**Work instruction**
Print the line containing "Each of our" and all lines after it to the end of the records below, exactly as written. No pictures.

Collected data:
== == ==

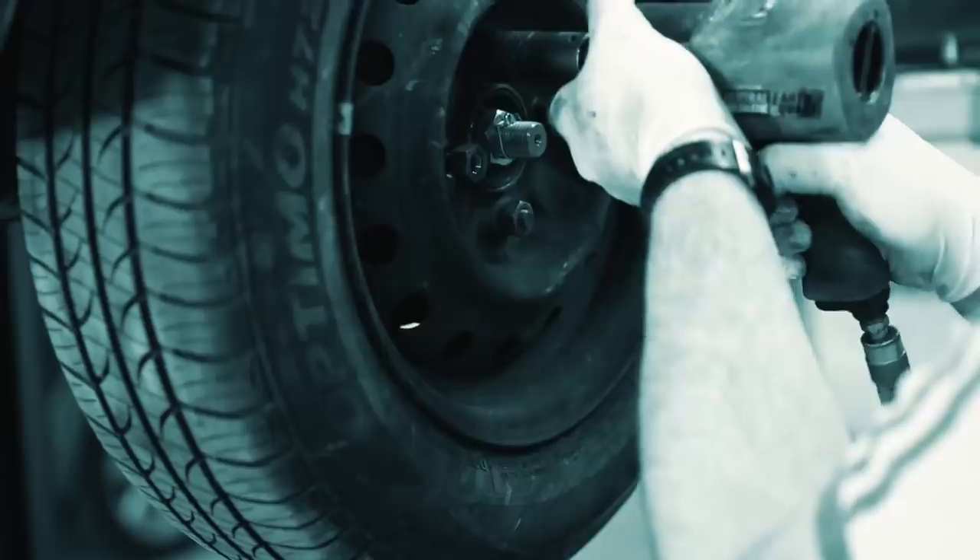Number seven is tire rotation — extremely important. Many people overlook this, thinking it's not necessary or they haven't driven the vehicle long enough. My rule of thumb is to rotate tires every time I get my oil changed. I get my oil changed at the dealership, which charges for rotation, so I don't do it there. I bought my BF Goodrich KO2 tires from Discount Tire and they rotate them for free. If you're looking at getting new tires, go through a company that will do the rotation for free — that way you save money.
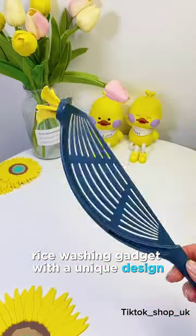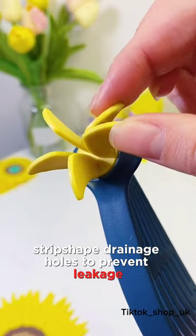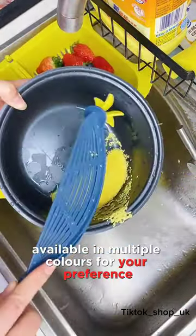Rice washing gadget with a unique design, long handle for easy use, strip-shaped drainage holes to prevent leakage. High quality and easy to clean materials, available in multiple colors for your preference.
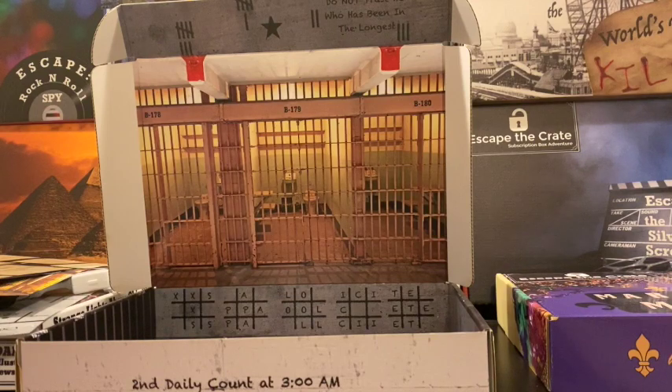Each of our boxes is different every other month. We have adventures from escaping from Alcatraz, solving a murder during Mardi Gras, escaping a serial killer back in the 1893 World's Fair, stopping a movie production from going on, going to an old Egyptian pyramid, finding the city of gold, stopping a spy back in the 1950s, or even battling the supernatural with Escape the Mothman.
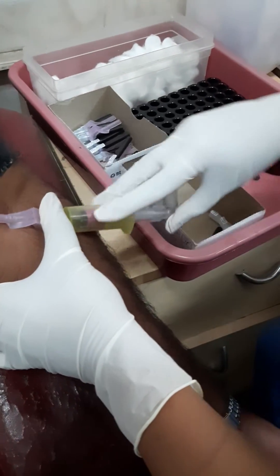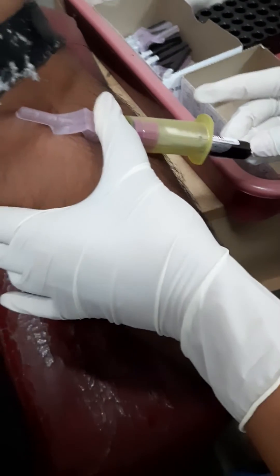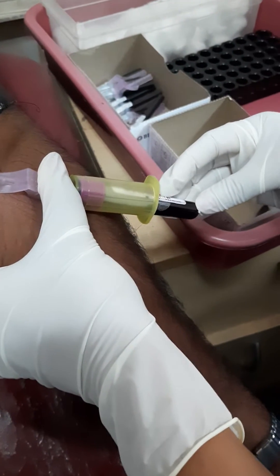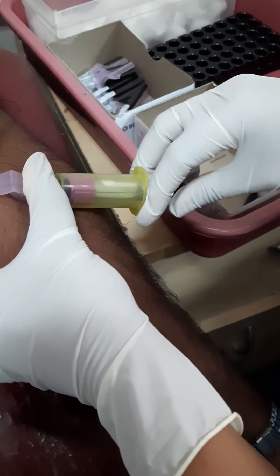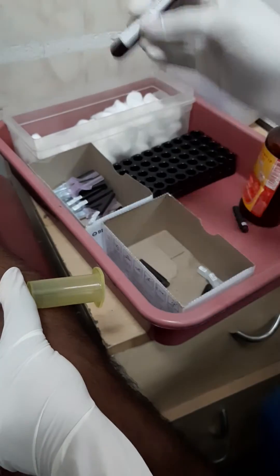This is the tube. It still has some limits. So it's done. We will shake it and we will keep it.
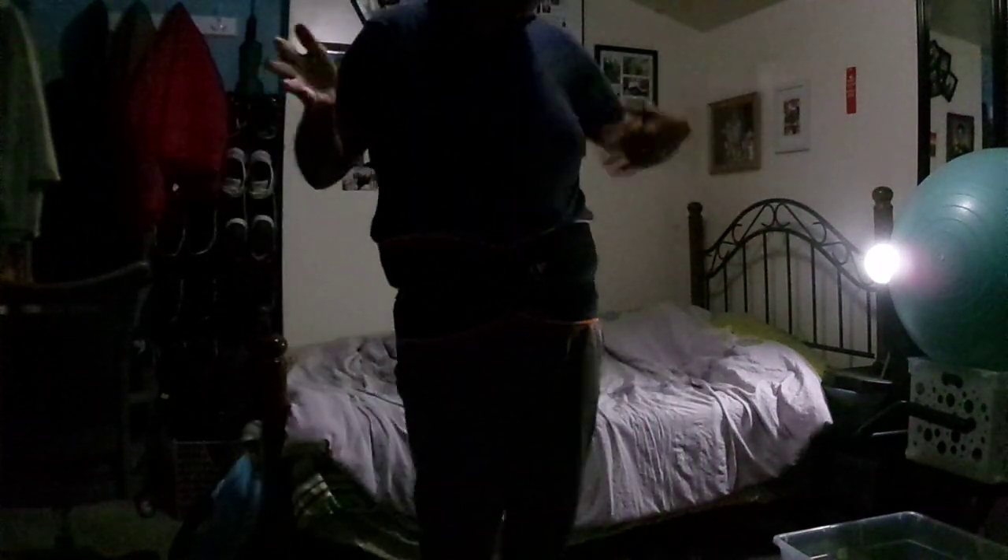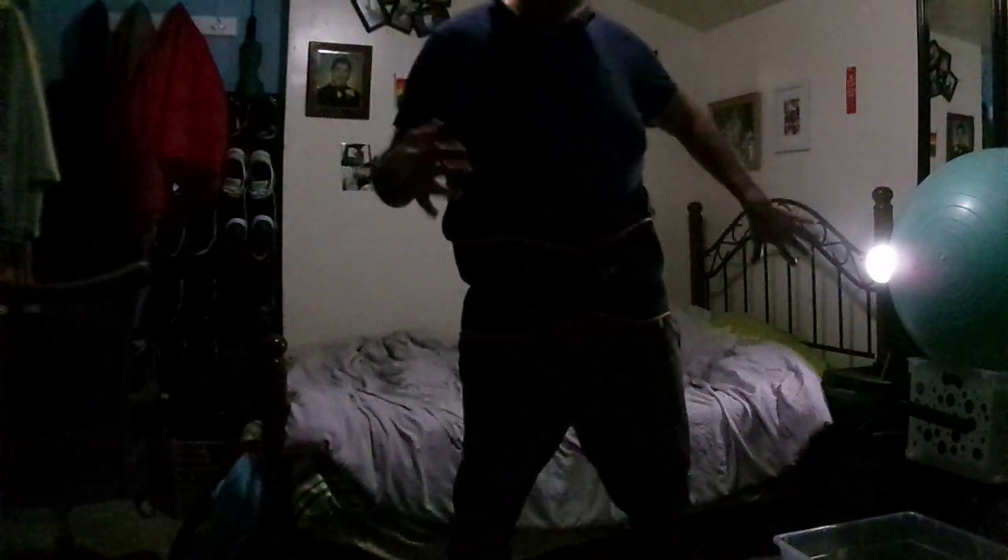Beautiful — press, squeeze. Keep it going, don't drop those arms. Here's our last one — reach it out, demi-plie and squeeze it up. One more — demi-plie down.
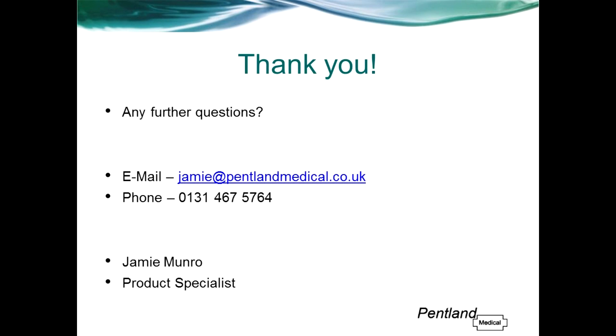Thank you for taking the time to watch this webinar presentation on the Zanas nasal sensor. If you have any further questions or would like any further information, please don't hesitate to contact me directly by email, or contact our main office using the details on screen.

== == ==

**Task result**
Each of our boxes is different every other month. We have adventures from escaping from Alcatraz, solving a murder during Mardi Gras, escaping a serial killer back in the 1893 World's Fair, stopping a movie production from going on, going to an old Egyptian pyramid, finding the city of gold, stopping a spy back in the 1950s, or even battling the supernatural with Escape the Mothman.
This is the tube. It still has some limits. So it's done. We will shake it and we will keep it.
Beautiful — press, squeeze. Keep it going, don't drop those arms. Here's our last one — reach it out, demi-plie and squeeze it up. One more — demi-plie down.
Thank you for taking the time to watch this webinar presentation on the Zanas nasal sensor. If you have any further questions or would like any further information, please don't hesitate to contact me directly by email, or contact our main office using the details on screen.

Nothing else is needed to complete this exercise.